Are we then trapped in a peculiar circumstance in which we don’t have choices, but only the chance to examine the consequences of having a homogenised vision?
Choices? Well, I often say that if a person in India or China dies after living a virtuous life, he doesn’t go to heaven—he goes to New York.
We can’t even talk, as we used to earlier, of many of the env­ironmental problems we encounter. We don’t have the courage to admit that most of our mega-dams have not delivered. Only four of the eight dams planned under India’s first multipurpose dam project, the Damodar Valley Corporation, were built. It costs us more to maintain the DVC than what it delivers. Take Bihar, where, without dams, only 15 per cent of it would get flooded every year. With dams, the percentage has grown to more than 30 per cent.
Ecological sensitivity was built into our lives over the centuries. Nobody talked of ecology or environment, but the traditional fear of it, the magicality attributed to nature, protected us (by preventing us from disturbing nature). All these have been declared as mere superstition—and shelved.
We no longer have the concept of future generations. We are now like that American wit who said, ‘Why should I think of the future. What has the future done for me?’ Every Indian wants to have his or her life—whether your car guzzles petrol or releases particulate matter, it doesn’t matter. The superior courts are taking a position. They have some vision. But everyone else is only thinking of how to beat the laws and find loopholes in them.
One of the consequences of mega-dams has been the displacement of tribals.
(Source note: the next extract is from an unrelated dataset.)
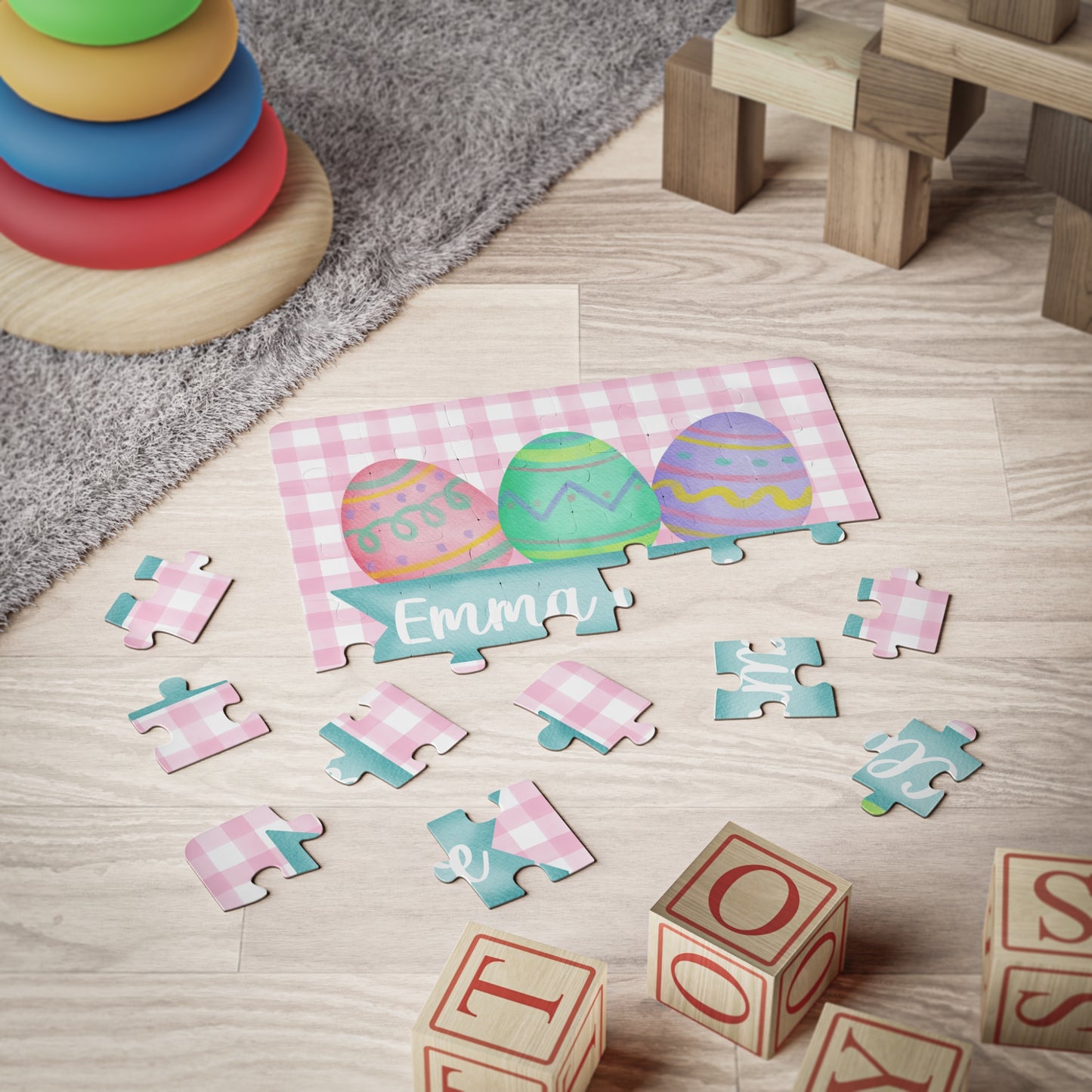 Personalized Kids Puzzle – Easter Eggs Name Puzzle (30-Piece)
Do you think the India of 2100 will go the way of the US, where indigenous Indians have been packed off to reserves?
We are waiting to do that. Actually, wherever they are not concentrated in numbers, as in Nagaland and Mizoram, we will just finish them off. One-third of all tribes in India are tribes only by name. They have been dispersed, atomised, and individualised. They have joined the proletariat. In fact, the programme of proletarianisation of tribals, directly or indirectly, is built into the manifesto of every party, including the Left. They want equality for the tribes, not separate existence. They want justice—but what is their concept of justice is very different from that of the tribals.
One of the results of this is the Naxalite movement. The second Naxalite movement, unlike the first one, is not an urban phenomenon. It is the rebellion of tribals, only some urban youths have joined them.
Do you think that by 2100, India will be more like America than India?
By 2100, India will be more like an American slum to the nth degree, a poor man’s America. Even to become that, we will have to pay a price in terms of shrinkage of our liberties.
In what sense?

“The vision of all ambitious, developing nations is the urban-industrial vision. Our hero is Lee Kuan Yew, one of the last despots.”
Even in universities you are now facing difficulties in saying what you want to. It is becoming difficult to deviate from the developmental vision even in newspaper columns. It has become difficult to articulate radical diversities, for which India was known. Even our traditions are diverse. For instance, there are millions in Tamil Nadu and north Bengal who are Ravana-worshippers and who observe Ramnavami as a day of mourning. What is wrong about it? In Sri Lanka, Ravana’s brother, Vibhishana, is worshipped. Himachal Pradesh has temples to Duryodhana, the villain of Mahabharata. Nobody took offence.
But we are now being homogenised in the manner of Protestant Christianity—(that is akin to saying) ‘Let us have a religion’. We didn’t have a religion as such. What we had were dharmic traditions.
That reminds me of what you once wrote, “Hindutva is an attack on Hinduism, that Hindutva is an ideology for those whose Hinduism has worn off, and that Hindutva’s triumph will mark the end of Hinduism”. Are we headed in that direction?
Yes, the Hinduism that we see around us today is not 2,000 or 4,000 years old. It is just 150 years old. It was born in urban India, under the new political economy that the British Raj introduced. The reference point was Protestant Christianity, not Catholicism, which is relatively more open. I come from a Protestant family. I know today’s Hinduism is that.
The first generation of RSS pracharaks—men like (Hindu Mahasabha leader) B.S. Munje and (RSS founder K.B.) Hedgewar—took their inspiration from the Ramakrishna Mission (which was influenced by Christianity). Swami Vivekananda (Ramakrishna Mission’s founder) was himself a very different person. He did not speak of Islam and Muslims as villains.
What are the basic attributes of this new Hinduism? A homogenised religion?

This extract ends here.